Director: Danny R. Moates
You can change the non-word TEEBLE into a real word by changing just one vowel or by changing just one consonant. The vowel word is table and the consonant word is feeble. Virtually all research studies using this task find that people can find the vowel word more easily and faster than they can find the consonant word. Why?
The sounds of a language can be analyzed into a set of distinctive features, based on the way the sounds are produced. The feature “voice” is present when the vocal cords vibrate, so all the vowels and such consonants as b, d, g, v, and z have the feature “voice.” The feature “consonantal” is present when there is some constriction in the air flow, so all the consonants and none of the vowels have the feature “consonantal.”
Are these features found in the words in our mental lexicon? Does GO have both the feature “voice” and the feature “consonantal” for the G and the feature “voice” but not the feature “consonantal” for the O?
To test this question we give people non-words such as SANY and ask them to change the S to make a real word. The change to ZANY should be easy because S and Z differ in just one feature (voicing). We also give them another pair such as SUMBER and also ask them to change the S to make a real word. The change to LUMBER is predicted to be harder because S and L differ in four distinctive features.

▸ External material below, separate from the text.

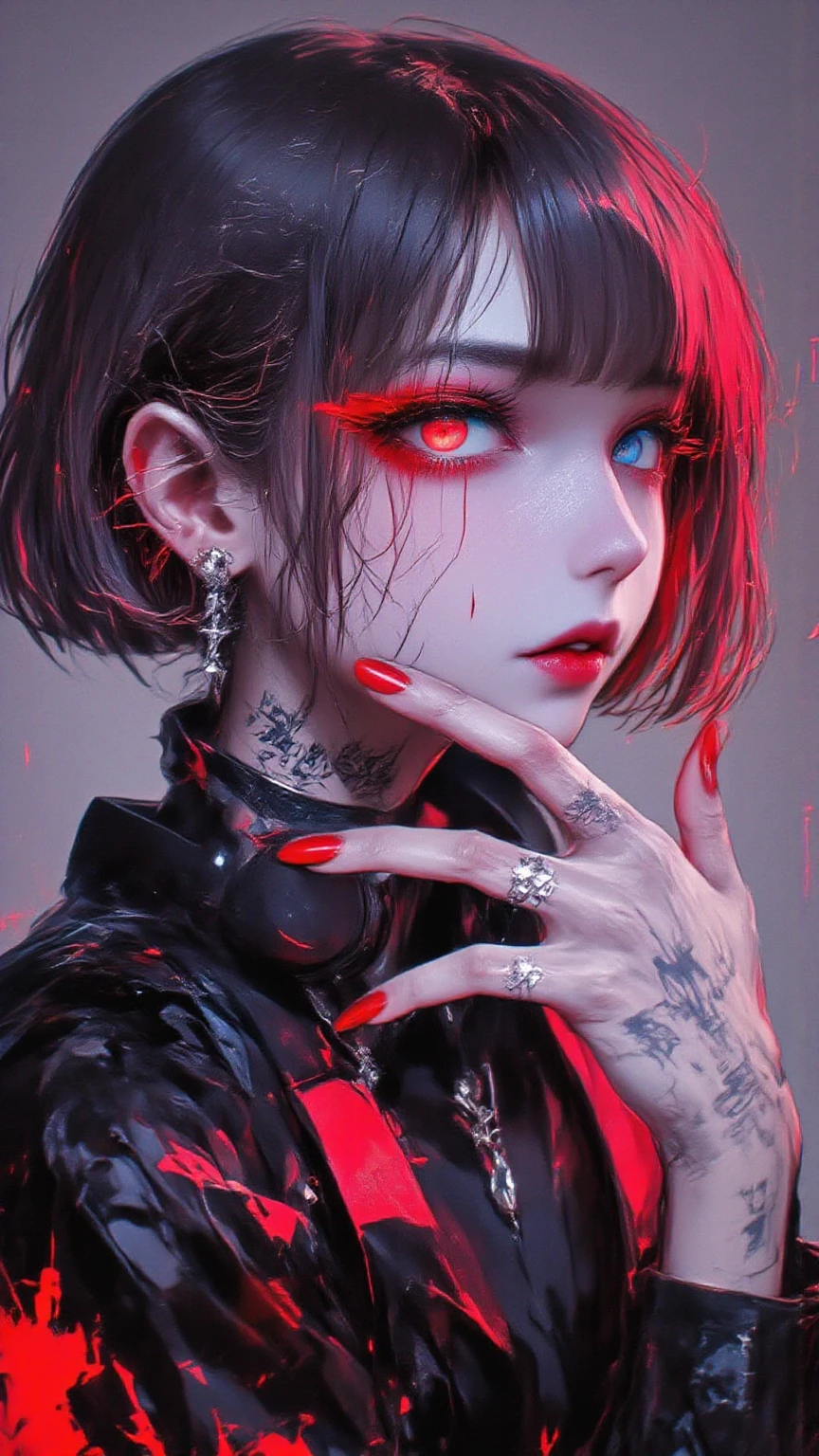 a close up of a woman with red paint on her face, detailed digital anime art, anime cyberpunk art, digital cyberpunk anime art, digital anime art, digital cyberpunk - anime art, gothic maiden anime girl, anime styled digital art, beautiful digital artwork, advanced anime digital art, cyberpunk anime art, cyberpunk anime girl, digital art on pixiv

Adding a suffix to a verb sometimes produces no change in the verb, e.g., TREAT + MENT = TREATMENT. Other suffixes can produce a big change in the verb, e.g., DECIDE + ION = DECISION. The I vowel changes its pronunciation, the second D changes its pronunciation, the second D moves out of the second syllable and into the third, and more. Our hypothesis is that the more changes there are, the harder it is to process the suffixed form. The project has special implications for the study of reading.